= Beginning of Section =
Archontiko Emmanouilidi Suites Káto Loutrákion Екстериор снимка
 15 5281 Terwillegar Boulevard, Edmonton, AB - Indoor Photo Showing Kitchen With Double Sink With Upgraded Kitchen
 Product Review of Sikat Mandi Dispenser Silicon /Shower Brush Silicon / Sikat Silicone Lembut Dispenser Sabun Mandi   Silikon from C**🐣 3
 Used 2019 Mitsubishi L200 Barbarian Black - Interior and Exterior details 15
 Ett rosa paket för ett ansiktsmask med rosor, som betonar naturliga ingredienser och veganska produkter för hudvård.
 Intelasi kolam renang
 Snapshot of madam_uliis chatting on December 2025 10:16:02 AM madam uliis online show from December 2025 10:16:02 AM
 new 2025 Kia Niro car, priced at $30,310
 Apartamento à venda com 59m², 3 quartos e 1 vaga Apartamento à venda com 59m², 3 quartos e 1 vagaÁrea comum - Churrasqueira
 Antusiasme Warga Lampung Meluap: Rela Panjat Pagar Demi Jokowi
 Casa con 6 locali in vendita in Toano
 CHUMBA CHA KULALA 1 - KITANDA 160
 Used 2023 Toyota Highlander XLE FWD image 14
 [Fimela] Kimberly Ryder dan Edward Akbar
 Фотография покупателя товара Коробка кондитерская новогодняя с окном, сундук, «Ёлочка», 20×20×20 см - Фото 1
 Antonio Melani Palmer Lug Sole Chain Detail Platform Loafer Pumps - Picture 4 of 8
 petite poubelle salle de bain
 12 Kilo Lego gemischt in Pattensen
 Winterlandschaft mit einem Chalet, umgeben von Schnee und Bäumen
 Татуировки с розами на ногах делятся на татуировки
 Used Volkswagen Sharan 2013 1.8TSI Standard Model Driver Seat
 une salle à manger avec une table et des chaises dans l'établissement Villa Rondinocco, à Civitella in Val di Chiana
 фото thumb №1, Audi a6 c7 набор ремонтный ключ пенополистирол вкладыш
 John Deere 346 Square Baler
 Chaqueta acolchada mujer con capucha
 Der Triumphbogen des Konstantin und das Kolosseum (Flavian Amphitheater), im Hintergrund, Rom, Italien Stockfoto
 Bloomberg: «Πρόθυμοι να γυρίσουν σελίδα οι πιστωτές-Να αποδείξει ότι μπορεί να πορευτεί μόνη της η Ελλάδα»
= End of Section =
### Your instructions
Given the data above, transcribe exactly the lines from the one containing "CHUMBA CHA KULALA 1 - KITANDA 160" down to the one containing "une salle à", and no others.

### Answer area
 CHUMBA CHA KULALA 1 - KITANDA 160
 Used 2023 Toyota Highlander XLE FWD image 14
 [Fimela] Kimberly Ryder dan Edward Akbar
 Фотография покупателя товара Коробка кондитерская новогодняя с окном, сундук, «Ёлочка», 20×20×20 см - Фото 1
 Antonio Melani Palmer Lug Sole Chain Detail Platform Loafer Pumps - Picture 4 of 8
 petite poubelle salle de bain
 12 Kilo Lego gemischt in Pattensen
 Winterlandschaft mit einem Chalet, umgeben von Schnee und Bäumen
 Татуировки с розами на ногах делятся на татуировки
 Used Volkswagen Sharan 2013 1.8TSI Standard Model Driver Seat
 une salle à manger avec une table et des chaises dans l'établissement Villa Rondinocco, à Civitella in Val di Chiana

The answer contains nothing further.